**RECORDED INFORMATION**

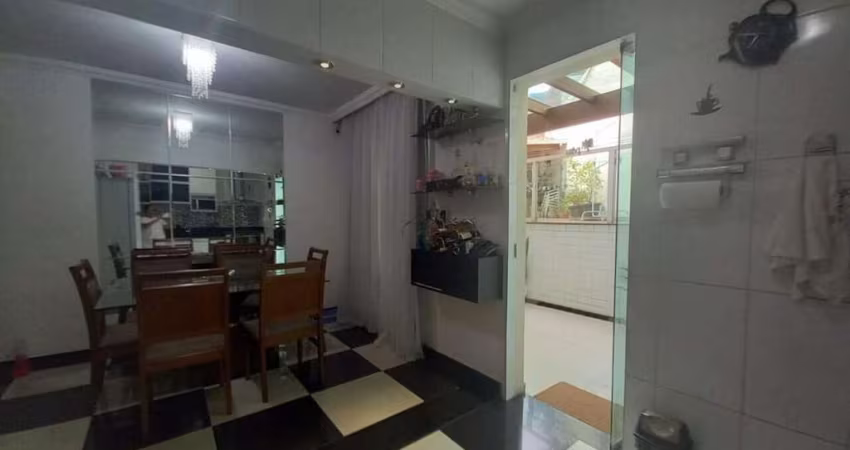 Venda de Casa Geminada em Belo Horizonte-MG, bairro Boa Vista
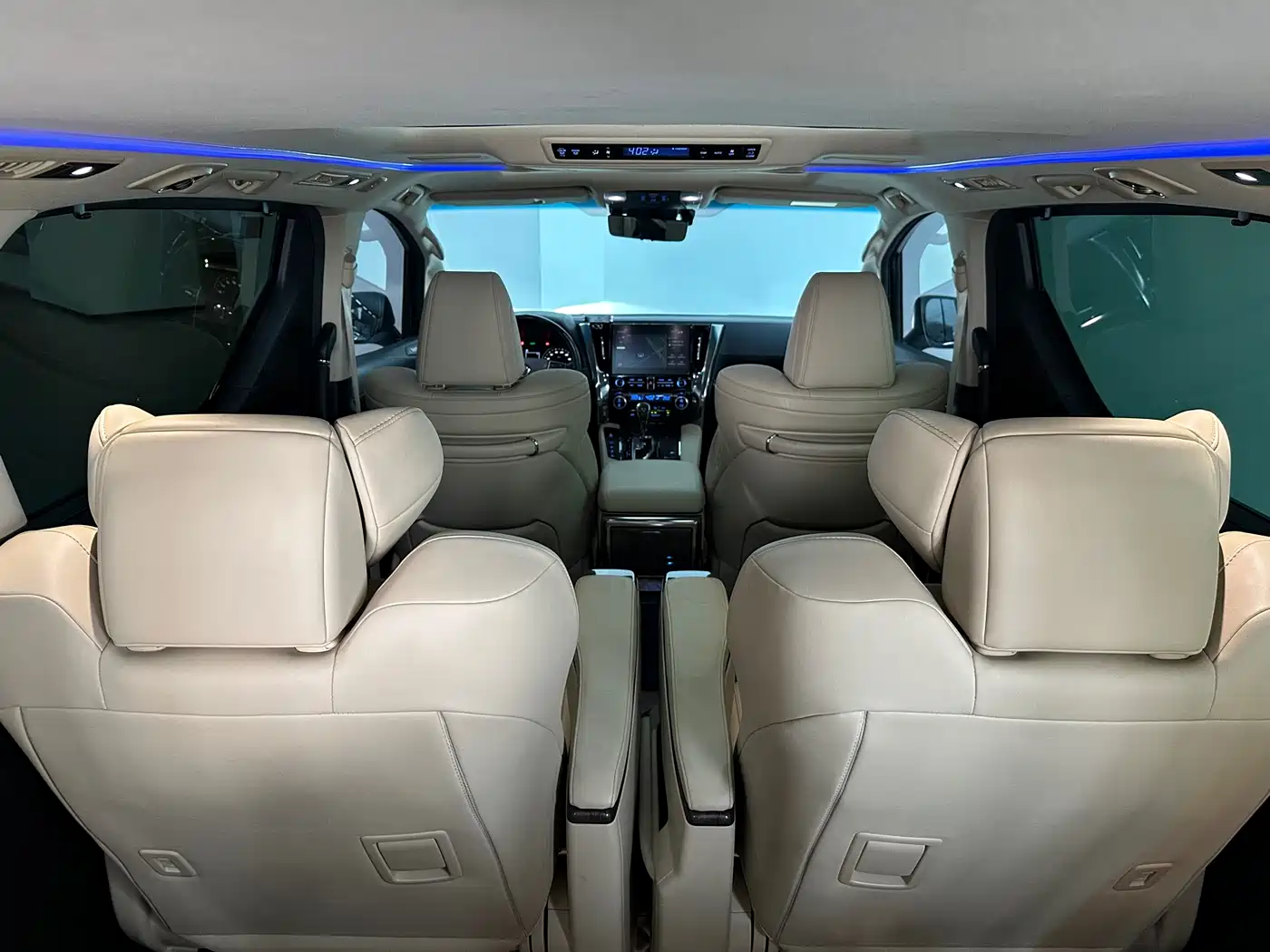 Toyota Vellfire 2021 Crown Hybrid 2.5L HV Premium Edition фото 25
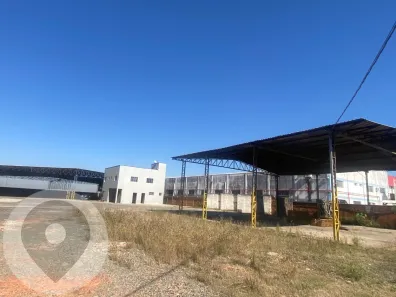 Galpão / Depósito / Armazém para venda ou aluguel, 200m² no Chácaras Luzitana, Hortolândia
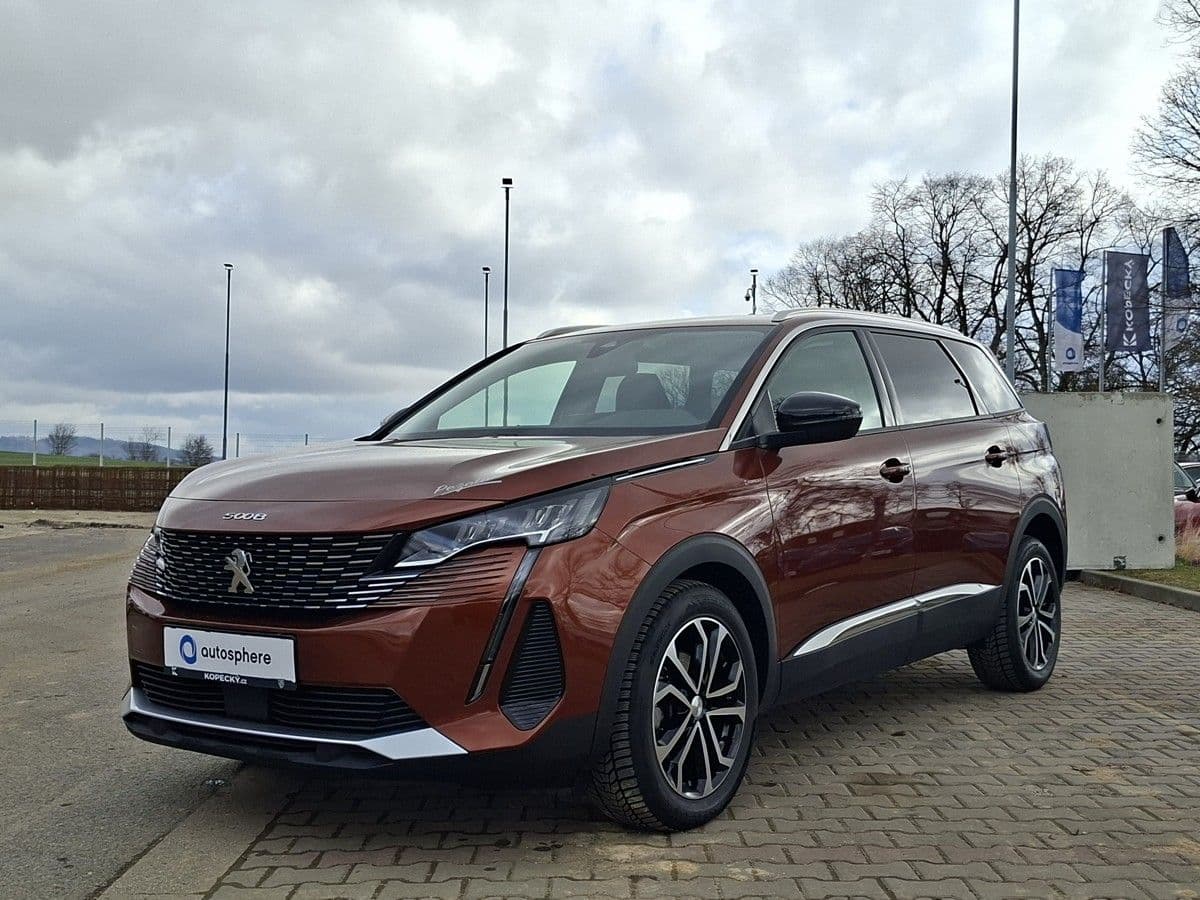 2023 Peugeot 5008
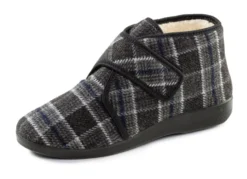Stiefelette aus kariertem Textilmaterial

**PROBLEM TO WORK ON**
Reproduce the material above exactly, but only from the line with "Toyota Vellfire 2021" through its last line, leaving pictures out.

**SOLUTION FOR THIS EXERCISE**
 Toyota Vellfire 2021 Crown Hybrid 2.5L HV Premium Edition фото 25
 Galpão / Depósito / Armazém para venda ou aluguel, 200m² no Chácaras Luzitana, Hortolândia
 2023 Peugeot 5008
Stiefelette aus kariertem Textilmaterial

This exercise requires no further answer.